In a rapidly changing world, previous certainties about the nature of work can no longer be relied upon. This in turn impacts the type of training required for forward-thinking organizations and the people who work within them. We invited Business Futurist Bart Götte from FutureFlock to discuss these issues with HR managers, HR advisors, HR Directors and CEO’s at De Baak, and would like to share the resulting insights with you in this article.
The future of HR will be about creating an inclusive, fluid environment in which there is room for smarter working practices and for all sorts of contributors who benefit your organization.
You can’t predict the future, but you can be aware of how you may be approaching it
The only thing we can be absolutely sure of with regard to the future is that it hasn’t yet generated a single piece of data. All of our predictions and visions of what’s ahead of us are based on signals, trends and the robust undercurrents that propel them forward. It’s important to distinguish between these three fluid indicators of change.
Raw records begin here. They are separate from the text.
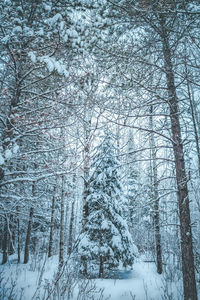 Snow covered trees in forest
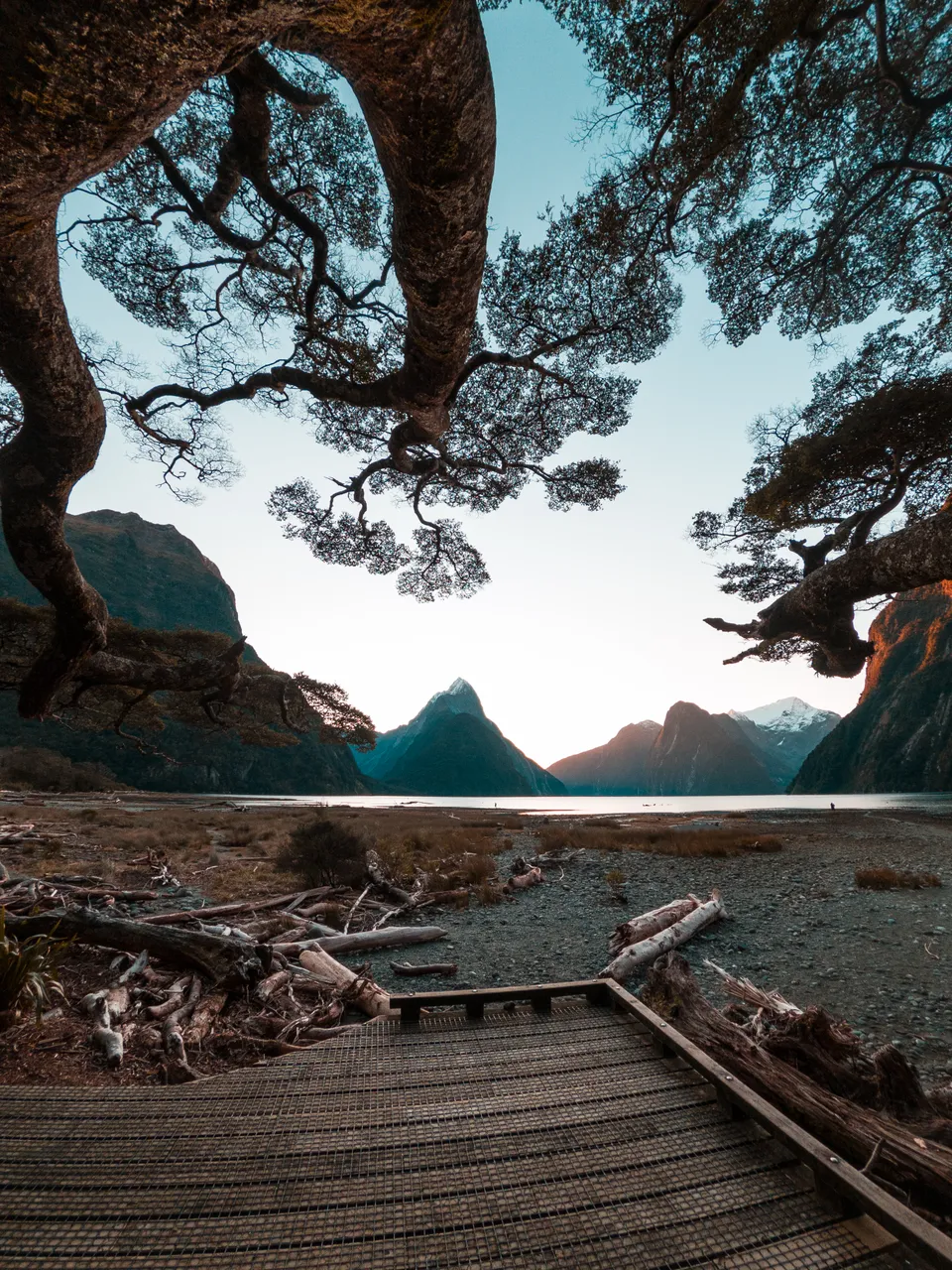 Milford Sound - Southland, New Zealand - Credit Great South (10)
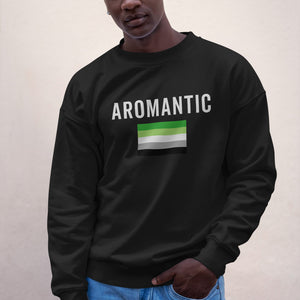 Aromantic Flag - LGBT+ Sweatshirt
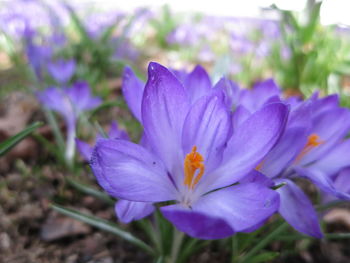 Close-up of purple flowers blooming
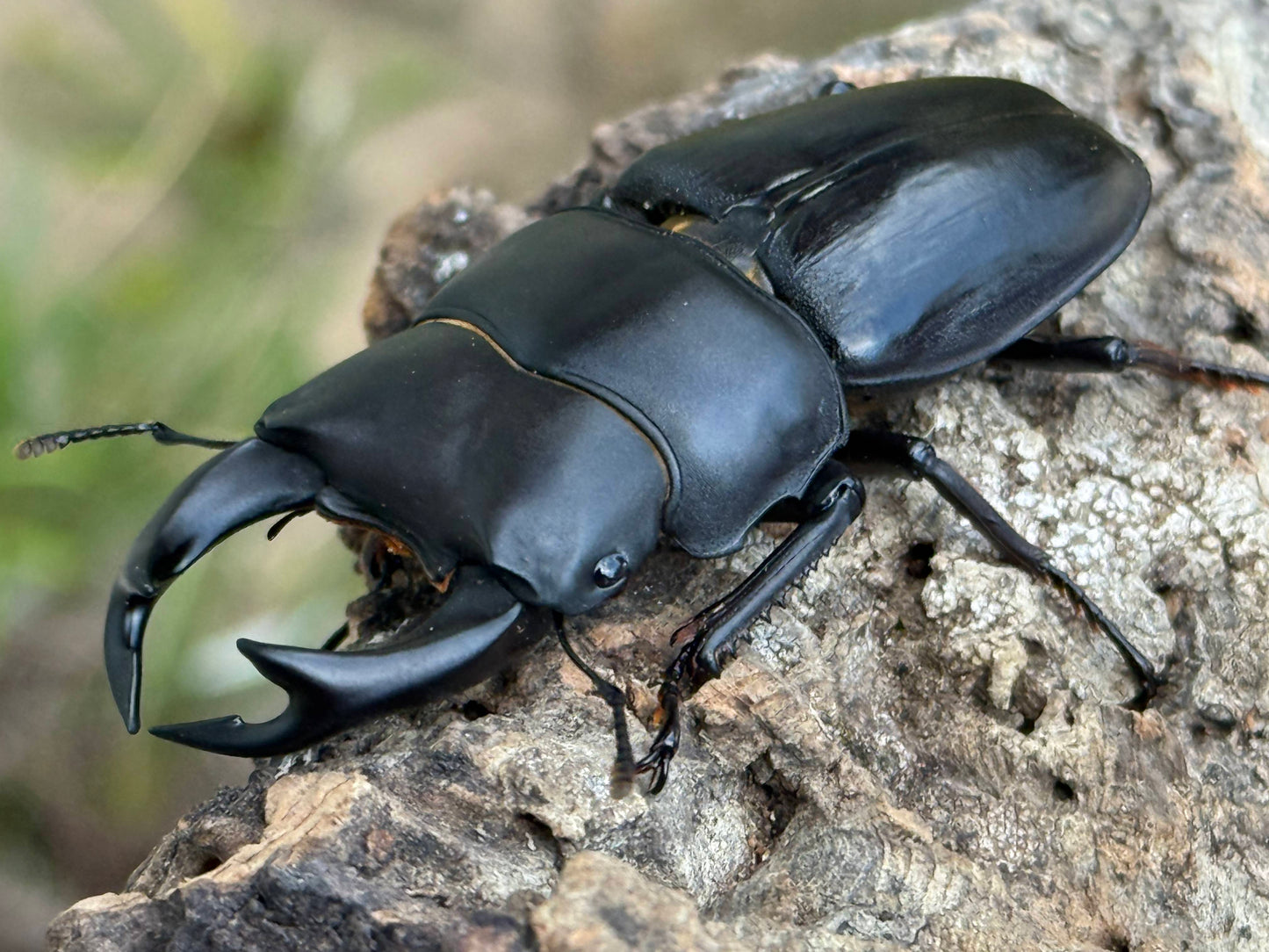 Japanese Great Stag Beetle (Dorcus hopei binodulosus)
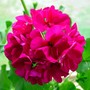 Geranium1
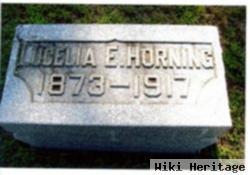 Lucelia Elva Bidwell Horning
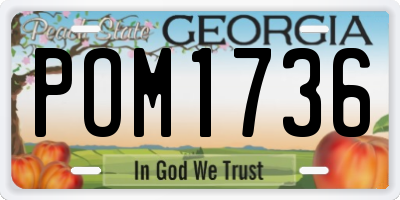 GA license plate POM1736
Signals (such as an exciting wave of new products) are often the first superficial, eye-catching indicators of something more profound. Diving deeper, we find that these are based on dynamic yet short-lived trends (such as ‘design thinking’). What we really need to look at is what is happening at a greater depth. This is where we find the stronger, more structural streams of societal change flowing onwards to create a more lasting effect. For instance, there is an undeniable increase in digitization, individualization, connectivity and internationalization. And populations in developed countries are rapidly aging; there is a rise in urbanization and in female power; geo-political shifts are threatening the status quo; and climate change is affecting people all over the world. All of these dynamics provide the broader context in which organizations operate today.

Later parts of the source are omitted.